YouTube’s main audience is thousands of screaming teens. Having the site blocked by lots of high schools across the U.S. isn’t doing anything to help YouTube. So instead of working against high school administrators who deem most of the video site’s content unfit for an educational institution, YouTube has been working to provide schools with video content that can be censored. The new YouTube outfit is called YouTube EDU and it’s proving to be wildly popular with schools across the nation already.
Not only does the new YouTube venture make showing videos easier for teachers, but it’s proving to be an excellent way to provide students with a free educational source. Districts that are staved for funds are turning to sites like YouTube to find information and videos that truly are educational and worthy of viewing.
‘’’YouTube: Educational Content, Really!’’’
Now that YouTube has created YouTube EDU, high school students across the nation are going to benefit from this creation.
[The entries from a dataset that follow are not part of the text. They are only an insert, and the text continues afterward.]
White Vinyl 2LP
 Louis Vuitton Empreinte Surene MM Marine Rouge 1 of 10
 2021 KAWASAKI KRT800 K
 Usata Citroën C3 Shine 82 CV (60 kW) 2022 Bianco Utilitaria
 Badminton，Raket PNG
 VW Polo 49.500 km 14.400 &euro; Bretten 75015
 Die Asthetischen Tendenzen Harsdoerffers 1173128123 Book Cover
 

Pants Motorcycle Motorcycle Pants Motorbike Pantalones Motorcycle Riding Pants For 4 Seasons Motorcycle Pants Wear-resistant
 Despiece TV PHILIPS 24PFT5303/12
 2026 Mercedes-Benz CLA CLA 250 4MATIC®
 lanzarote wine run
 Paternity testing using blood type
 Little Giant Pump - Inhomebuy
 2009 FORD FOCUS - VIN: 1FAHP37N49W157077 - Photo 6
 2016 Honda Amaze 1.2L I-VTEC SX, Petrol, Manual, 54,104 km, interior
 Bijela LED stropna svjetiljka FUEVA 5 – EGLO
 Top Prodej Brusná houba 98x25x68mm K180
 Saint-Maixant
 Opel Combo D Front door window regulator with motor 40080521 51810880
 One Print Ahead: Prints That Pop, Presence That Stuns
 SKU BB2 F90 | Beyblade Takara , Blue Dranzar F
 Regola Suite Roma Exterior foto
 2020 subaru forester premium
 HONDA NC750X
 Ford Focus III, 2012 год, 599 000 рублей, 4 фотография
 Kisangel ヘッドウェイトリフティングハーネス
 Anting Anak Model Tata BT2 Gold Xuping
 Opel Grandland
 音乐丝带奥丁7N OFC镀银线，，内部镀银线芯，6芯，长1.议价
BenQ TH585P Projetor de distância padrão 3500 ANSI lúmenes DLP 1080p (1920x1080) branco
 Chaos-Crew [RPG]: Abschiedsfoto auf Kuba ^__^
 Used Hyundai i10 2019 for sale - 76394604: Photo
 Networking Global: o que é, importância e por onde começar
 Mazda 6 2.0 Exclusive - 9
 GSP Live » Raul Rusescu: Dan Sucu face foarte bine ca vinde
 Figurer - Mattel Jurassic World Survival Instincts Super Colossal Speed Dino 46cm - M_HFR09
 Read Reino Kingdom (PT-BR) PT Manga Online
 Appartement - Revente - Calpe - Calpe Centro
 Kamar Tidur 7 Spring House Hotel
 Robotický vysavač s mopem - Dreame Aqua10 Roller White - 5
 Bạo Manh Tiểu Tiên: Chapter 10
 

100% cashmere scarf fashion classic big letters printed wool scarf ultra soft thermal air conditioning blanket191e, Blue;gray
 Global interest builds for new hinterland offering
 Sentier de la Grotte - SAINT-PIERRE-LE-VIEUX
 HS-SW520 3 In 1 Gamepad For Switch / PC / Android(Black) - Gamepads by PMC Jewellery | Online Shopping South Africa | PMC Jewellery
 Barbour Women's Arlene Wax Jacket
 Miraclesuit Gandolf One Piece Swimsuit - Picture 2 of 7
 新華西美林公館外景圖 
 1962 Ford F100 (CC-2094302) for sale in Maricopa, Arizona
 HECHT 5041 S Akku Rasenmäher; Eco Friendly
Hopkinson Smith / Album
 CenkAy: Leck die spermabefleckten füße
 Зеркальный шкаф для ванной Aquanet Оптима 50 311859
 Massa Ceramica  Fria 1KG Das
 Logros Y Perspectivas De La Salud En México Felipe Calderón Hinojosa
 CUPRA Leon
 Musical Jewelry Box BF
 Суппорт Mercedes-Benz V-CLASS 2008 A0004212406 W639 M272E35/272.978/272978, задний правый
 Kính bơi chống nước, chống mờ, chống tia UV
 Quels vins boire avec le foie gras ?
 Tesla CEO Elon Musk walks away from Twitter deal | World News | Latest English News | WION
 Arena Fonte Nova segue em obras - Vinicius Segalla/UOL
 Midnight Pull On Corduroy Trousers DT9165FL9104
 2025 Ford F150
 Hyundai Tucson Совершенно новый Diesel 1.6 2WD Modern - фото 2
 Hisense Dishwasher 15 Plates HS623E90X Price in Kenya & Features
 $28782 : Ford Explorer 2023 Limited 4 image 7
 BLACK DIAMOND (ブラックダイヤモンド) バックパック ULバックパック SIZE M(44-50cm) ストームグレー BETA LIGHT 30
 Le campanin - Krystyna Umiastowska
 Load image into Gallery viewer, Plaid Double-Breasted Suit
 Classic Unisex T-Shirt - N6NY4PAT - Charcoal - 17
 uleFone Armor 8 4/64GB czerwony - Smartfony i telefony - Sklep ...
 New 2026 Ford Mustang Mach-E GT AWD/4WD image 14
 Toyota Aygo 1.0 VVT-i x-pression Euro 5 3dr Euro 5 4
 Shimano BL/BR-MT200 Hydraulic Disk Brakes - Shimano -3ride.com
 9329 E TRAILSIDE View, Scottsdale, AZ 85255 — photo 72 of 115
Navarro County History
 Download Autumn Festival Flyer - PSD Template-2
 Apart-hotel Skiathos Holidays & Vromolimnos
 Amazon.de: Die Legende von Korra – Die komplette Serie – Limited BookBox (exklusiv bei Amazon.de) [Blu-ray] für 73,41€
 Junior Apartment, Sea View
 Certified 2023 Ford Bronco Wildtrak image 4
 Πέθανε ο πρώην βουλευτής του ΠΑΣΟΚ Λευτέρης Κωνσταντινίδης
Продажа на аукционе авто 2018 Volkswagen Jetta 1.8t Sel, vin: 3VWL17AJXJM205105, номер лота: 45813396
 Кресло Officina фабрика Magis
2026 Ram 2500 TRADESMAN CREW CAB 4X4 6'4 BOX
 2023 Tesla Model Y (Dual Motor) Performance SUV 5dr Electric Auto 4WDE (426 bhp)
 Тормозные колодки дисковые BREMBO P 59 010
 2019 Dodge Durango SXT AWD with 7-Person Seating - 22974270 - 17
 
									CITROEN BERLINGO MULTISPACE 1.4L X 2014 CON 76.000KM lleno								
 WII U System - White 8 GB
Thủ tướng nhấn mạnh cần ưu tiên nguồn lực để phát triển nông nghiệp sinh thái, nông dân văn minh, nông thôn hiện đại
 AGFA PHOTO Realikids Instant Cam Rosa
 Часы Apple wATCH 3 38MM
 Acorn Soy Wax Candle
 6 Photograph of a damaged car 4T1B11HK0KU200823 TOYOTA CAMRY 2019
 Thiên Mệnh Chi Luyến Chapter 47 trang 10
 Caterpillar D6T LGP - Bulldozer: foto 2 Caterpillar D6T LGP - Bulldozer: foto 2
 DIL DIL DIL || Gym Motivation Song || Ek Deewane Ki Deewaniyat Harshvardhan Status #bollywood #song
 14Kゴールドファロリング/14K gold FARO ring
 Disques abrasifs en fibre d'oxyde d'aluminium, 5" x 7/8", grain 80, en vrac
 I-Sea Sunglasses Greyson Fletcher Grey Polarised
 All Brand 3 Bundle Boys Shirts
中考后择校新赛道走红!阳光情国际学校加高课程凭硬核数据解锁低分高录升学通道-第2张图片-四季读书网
While, given the option, kids might not watch educational videos, there are plenty of the educational-type videos available through YouTube. All kids of science, history, and other subject-centered videos can be found on YouTube. In fact, the popular video site is even used by some professors seeking a bit of additional information.
Teachers are also showing students videos from YouTube, and this is greatly benefiting public school districts that are currently undergoing financial strain. YouTube is, after all, a free service and not taking advantage of a free service that proves to be an excellent teaching tool for students would be a huge mistake. A number of school districts have already lifted bans on teachers using YouTube as a teaching tool, though it won’t be too long until students in many districts can access this free tool as well.
‘’’A Better Way to Show Videos’’’
Some districts didn’t ban YouTube entirely. Instead, these districts allowed teachers to use YouTube content that had been pre-approved. The problem with this type of allowance was that waiting for a YouTube video could take weeks, and often the view in-question would no longer be approved once the process was complete. For obvious reasons, this type of system simply didn’t work and few teachers bothered combing YouTube for appropriate videos.
Other teachers who felt that YouTube video was particularly educational would attempt to download that video at all costs (either by uploading it to another site or asking a student to get around the school’s restrictions according to a recent Bloomberg article titled “YouTube Subtracts Racy and Raucous to Add a Teaching Tool”). Now, with YouTube EDU, teachers can simply use the YouTube filtering process to find videos that fit within a school’s guidelines. There’s no doubt that soon all kinds of school district filtering will disappear to make way for tools that are really quite educational. The only problem now is how are students going to cite information taken from YouTube? Presumably, this is a citation problem that the MLA will have to start working on soon!